** About this task **
In the listing below, a line holding "Bias Bootcut Denim Pants in Black" and a line holding "Kelebek ve çiçek deseni" mark the range. Retype both exactly, with all lines between them.

────

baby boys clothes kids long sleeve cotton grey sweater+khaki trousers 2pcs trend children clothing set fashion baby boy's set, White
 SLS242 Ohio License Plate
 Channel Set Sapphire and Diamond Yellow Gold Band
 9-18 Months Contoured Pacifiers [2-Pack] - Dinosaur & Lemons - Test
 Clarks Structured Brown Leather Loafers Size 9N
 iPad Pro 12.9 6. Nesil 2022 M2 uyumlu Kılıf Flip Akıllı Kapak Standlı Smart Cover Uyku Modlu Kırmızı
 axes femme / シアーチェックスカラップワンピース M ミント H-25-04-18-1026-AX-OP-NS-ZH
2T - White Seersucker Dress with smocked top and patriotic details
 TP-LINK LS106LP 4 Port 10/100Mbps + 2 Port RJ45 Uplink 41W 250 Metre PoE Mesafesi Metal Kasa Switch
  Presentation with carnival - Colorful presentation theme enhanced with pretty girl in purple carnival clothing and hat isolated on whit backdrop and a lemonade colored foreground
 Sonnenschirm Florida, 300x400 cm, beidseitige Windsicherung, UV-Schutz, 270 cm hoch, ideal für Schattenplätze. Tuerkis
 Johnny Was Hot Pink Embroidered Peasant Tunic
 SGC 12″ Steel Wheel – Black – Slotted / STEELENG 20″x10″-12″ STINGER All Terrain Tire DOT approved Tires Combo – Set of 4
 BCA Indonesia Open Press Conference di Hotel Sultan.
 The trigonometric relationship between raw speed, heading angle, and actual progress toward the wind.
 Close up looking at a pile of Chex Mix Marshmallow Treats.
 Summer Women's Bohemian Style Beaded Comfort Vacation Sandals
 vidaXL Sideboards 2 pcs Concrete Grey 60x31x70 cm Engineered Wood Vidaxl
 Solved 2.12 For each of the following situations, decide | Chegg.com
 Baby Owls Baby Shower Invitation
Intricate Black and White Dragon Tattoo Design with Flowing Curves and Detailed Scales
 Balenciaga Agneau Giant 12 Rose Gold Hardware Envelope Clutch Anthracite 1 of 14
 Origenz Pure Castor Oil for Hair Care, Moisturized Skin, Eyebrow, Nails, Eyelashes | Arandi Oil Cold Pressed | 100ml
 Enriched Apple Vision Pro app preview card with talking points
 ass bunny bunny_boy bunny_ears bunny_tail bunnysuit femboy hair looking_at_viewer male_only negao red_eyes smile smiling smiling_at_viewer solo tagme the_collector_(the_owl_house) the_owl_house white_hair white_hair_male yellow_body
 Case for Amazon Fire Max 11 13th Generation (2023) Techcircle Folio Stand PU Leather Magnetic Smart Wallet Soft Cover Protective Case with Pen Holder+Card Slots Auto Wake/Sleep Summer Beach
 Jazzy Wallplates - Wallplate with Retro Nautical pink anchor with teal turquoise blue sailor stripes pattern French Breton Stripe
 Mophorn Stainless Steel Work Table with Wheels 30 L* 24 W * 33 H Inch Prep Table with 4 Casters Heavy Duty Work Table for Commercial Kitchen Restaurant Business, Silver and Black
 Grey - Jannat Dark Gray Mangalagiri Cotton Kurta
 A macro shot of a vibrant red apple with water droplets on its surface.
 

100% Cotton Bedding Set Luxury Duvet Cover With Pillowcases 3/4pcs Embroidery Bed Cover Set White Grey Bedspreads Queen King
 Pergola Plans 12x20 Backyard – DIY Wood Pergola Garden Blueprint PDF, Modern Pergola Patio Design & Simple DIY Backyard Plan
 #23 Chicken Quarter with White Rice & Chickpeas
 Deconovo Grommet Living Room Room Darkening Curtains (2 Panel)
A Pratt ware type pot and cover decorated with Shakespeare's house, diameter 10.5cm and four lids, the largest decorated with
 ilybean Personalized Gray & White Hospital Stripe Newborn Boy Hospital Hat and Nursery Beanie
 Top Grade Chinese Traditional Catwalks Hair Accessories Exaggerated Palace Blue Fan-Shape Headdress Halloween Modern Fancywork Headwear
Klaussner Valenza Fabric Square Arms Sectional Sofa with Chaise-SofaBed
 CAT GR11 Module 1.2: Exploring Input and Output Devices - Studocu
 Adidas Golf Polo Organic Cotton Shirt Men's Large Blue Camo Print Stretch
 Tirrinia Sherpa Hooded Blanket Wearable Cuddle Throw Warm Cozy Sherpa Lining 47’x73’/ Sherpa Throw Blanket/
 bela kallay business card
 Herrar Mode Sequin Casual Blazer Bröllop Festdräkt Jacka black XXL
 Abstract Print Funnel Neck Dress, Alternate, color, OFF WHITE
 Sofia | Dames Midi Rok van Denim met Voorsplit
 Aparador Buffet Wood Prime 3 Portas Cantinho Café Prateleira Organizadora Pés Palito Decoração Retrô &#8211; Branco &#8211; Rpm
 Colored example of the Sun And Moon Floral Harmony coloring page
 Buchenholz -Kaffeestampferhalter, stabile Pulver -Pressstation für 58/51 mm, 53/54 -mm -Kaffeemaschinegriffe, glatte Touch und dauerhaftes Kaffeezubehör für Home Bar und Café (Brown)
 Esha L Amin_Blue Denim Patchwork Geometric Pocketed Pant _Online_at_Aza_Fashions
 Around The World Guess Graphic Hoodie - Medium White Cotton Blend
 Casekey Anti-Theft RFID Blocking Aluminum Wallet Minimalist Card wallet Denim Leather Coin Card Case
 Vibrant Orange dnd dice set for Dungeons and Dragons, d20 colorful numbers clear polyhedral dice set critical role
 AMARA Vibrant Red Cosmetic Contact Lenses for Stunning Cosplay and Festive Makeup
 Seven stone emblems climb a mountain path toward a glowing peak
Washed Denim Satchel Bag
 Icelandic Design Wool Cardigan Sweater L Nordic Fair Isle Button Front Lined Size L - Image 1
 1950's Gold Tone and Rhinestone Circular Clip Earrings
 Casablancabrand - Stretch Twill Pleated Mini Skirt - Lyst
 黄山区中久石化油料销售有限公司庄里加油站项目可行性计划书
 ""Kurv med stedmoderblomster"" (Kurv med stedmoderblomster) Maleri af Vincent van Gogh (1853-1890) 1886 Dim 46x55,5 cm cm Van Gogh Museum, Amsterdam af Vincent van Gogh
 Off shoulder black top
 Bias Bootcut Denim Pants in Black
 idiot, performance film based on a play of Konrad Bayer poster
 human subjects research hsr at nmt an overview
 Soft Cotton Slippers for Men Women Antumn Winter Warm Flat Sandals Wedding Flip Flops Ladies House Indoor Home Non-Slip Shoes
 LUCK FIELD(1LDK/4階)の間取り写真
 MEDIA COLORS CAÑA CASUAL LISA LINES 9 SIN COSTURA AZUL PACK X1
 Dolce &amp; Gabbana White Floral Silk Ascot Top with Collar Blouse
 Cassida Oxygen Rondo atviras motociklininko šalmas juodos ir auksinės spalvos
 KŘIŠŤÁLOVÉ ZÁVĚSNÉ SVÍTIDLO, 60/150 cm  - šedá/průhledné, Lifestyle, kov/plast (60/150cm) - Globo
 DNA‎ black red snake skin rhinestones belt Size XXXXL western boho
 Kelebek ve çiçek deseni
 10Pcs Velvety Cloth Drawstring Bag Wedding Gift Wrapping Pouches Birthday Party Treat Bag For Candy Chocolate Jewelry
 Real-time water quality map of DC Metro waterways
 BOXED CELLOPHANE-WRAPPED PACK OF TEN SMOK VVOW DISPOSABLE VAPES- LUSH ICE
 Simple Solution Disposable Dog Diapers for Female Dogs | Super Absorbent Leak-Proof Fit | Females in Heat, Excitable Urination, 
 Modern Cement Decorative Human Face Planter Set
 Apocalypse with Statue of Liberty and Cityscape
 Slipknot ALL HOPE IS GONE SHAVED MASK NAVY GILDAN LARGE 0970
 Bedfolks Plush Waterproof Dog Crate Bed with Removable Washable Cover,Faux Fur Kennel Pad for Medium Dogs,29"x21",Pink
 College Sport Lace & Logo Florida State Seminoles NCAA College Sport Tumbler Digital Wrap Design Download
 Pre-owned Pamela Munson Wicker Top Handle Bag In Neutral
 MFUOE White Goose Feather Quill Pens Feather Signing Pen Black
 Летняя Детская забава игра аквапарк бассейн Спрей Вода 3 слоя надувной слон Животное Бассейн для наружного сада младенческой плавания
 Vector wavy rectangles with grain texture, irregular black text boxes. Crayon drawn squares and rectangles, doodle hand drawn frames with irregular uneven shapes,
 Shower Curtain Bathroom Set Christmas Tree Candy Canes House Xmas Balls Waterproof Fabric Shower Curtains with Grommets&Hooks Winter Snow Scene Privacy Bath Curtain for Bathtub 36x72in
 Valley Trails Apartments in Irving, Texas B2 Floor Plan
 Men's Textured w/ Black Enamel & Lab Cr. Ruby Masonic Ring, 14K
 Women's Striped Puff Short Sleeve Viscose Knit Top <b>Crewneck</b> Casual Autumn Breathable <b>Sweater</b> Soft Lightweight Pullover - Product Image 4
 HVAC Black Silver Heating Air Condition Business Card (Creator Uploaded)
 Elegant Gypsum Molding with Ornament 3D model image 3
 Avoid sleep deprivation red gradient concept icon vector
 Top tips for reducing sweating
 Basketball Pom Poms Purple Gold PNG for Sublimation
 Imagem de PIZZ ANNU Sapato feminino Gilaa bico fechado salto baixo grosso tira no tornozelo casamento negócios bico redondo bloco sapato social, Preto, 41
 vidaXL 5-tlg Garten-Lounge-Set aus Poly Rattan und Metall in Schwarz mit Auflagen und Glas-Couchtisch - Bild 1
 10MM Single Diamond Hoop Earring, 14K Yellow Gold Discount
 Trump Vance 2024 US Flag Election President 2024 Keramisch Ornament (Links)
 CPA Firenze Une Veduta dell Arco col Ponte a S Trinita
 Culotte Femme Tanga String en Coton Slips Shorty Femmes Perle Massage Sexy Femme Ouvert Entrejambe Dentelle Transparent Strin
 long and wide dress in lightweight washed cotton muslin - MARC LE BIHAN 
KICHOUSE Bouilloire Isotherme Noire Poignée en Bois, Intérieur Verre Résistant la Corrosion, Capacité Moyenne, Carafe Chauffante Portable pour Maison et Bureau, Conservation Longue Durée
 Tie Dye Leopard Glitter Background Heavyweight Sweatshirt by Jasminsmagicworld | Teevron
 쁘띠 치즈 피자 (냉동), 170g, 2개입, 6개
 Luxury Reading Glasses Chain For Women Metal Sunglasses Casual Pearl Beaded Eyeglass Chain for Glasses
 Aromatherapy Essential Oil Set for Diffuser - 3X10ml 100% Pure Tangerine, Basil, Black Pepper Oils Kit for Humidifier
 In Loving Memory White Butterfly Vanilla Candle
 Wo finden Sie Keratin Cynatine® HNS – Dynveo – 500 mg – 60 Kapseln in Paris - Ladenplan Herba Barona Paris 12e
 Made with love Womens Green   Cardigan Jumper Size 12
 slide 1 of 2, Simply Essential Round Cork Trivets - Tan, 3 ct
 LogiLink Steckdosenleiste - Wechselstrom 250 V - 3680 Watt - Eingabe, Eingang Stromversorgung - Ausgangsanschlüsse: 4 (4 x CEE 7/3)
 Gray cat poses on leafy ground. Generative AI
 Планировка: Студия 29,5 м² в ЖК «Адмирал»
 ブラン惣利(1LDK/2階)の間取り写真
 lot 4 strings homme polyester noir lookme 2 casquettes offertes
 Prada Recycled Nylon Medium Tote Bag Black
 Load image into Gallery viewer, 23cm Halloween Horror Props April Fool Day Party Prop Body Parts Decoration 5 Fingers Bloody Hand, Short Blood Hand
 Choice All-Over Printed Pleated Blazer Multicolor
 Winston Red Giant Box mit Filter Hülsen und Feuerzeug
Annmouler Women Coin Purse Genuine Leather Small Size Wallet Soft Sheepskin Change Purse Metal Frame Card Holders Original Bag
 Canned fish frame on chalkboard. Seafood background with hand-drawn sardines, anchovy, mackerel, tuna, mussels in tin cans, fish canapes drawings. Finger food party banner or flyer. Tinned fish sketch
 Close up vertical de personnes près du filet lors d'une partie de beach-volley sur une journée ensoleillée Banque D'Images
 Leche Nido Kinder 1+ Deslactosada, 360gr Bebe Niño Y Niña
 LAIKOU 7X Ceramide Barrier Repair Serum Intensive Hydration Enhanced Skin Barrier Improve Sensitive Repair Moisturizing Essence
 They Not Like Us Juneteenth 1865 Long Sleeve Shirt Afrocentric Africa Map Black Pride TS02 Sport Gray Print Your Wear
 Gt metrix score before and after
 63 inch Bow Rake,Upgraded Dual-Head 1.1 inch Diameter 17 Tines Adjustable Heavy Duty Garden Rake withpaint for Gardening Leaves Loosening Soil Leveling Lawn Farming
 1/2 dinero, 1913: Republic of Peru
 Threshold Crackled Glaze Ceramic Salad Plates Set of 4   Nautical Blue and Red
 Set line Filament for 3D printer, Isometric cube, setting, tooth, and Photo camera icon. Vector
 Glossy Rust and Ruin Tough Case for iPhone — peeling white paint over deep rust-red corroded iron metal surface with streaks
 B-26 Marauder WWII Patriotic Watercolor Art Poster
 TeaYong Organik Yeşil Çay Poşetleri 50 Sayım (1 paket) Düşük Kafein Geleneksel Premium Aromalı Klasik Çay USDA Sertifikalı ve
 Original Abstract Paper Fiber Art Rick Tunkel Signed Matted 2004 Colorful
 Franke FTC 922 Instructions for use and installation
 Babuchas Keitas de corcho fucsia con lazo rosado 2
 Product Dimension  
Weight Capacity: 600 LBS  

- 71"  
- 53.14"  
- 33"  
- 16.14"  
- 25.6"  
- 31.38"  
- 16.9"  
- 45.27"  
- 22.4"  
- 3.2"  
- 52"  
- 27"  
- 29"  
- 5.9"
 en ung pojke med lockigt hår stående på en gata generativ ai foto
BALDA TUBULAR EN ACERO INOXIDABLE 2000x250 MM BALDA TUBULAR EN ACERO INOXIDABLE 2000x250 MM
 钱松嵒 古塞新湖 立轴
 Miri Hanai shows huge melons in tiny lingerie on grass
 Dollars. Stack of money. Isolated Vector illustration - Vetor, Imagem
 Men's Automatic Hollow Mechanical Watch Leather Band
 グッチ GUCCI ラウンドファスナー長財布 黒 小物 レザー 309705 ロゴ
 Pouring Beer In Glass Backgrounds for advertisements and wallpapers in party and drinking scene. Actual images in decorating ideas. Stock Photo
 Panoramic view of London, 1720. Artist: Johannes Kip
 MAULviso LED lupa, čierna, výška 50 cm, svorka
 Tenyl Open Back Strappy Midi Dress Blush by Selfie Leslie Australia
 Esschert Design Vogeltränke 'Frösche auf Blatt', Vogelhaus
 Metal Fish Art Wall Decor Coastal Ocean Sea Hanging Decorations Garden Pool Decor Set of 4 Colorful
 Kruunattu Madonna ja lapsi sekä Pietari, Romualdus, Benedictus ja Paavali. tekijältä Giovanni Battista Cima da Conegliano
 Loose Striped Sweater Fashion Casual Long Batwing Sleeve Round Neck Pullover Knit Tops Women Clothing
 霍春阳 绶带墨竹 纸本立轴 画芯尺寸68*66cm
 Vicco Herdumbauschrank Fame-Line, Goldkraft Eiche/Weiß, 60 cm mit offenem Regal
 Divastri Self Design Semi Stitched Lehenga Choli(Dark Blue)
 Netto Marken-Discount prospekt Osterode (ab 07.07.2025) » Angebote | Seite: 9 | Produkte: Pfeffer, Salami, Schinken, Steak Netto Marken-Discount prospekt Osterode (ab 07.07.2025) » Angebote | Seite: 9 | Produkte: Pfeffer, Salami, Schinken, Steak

────

** Answer section **
 Bias Bootcut Denim Pants in Black
 idiot, performance film based on a play of Konrad Bayer poster
 human subjects research hsr at nmt an overview
 Soft Cotton Slippers for Men Women Antumn Winter Warm Flat Sandals Wedding Flip Flops Ladies House Indoor Home Non-Slip Shoes
 LUCK FIELD(1LDK/4階)の間取り写真
 MEDIA COLORS CAÑA CASUAL LISA LINES 9 SIN COSTURA AZUL PACK X1
 Dolce &amp; Gabbana White Floral Silk Ascot Top with Collar Blouse
 Cassida Oxygen Rondo atviras motociklininko šalmas juodos ir auksinės spalvos
 KŘIŠŤÁLOVÉ ZÁVĚSNÉ SVÍTIDLO, 60/150 cm  - šedá/průhledné, Lifestyle, kov/plast (60/150cm) - Globo
 DNA‎ black red snake skin rhinestones belt Size XXXXL western boho
 Kelebek ve çiçek deseni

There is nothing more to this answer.